The Bidasoa flows through much of its 66 km length over Navarrese territory, except for the last 10 km, where it establishes the borderline between France and Spain, as well as the boundary between the Basque provinces of Gipuzkoa and Labourd. In line with the distribution of the river's length, the bulk of its watershed's area lies on Navarre (684 km2). The basin holds 105 permanent streams and rivers that number 497 km, the region being drenched in rains regularly. The Navarrese side of the basin (rural landscape) is inhabited by 22,000 inhabitants. 70% of its population have the sewage treated before spilling to the river.
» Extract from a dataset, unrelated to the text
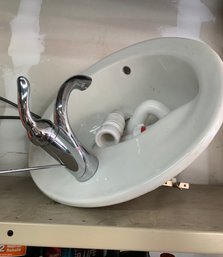 Bathroom Sink With Chrome Faucet And Plumbing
But for the first 15-odd kilometres, the river clings to the north to south disposition of other neighbouring rivers of Gipuzkoa joining the Bay of Biscay, e.g. Urumea, Oria, etc. Strengthened by the waters harvested from the sides of the pass of Belate, downstream of Doneztebe the river heads north and crosses the town of Bera at the north end of Navarre before entering Gipuzkoa at Endarlatsa. From the town of Doneztebe on, the main road N-121 runs along till the roundabout across the river from the toll of Biriatu by the AP-8 (motorway). Next comes the quarter Behobia and the major towns on the shores of the estuary.

The main tributaries of the Bidasoa are the minor rivers Zeberia (length 10.80 km), Ezkurra (20.90 km), Latsa (11.10 km) and Endara (9.90 km). Additionally, further small rivers and streams feed the Bidasoa all along.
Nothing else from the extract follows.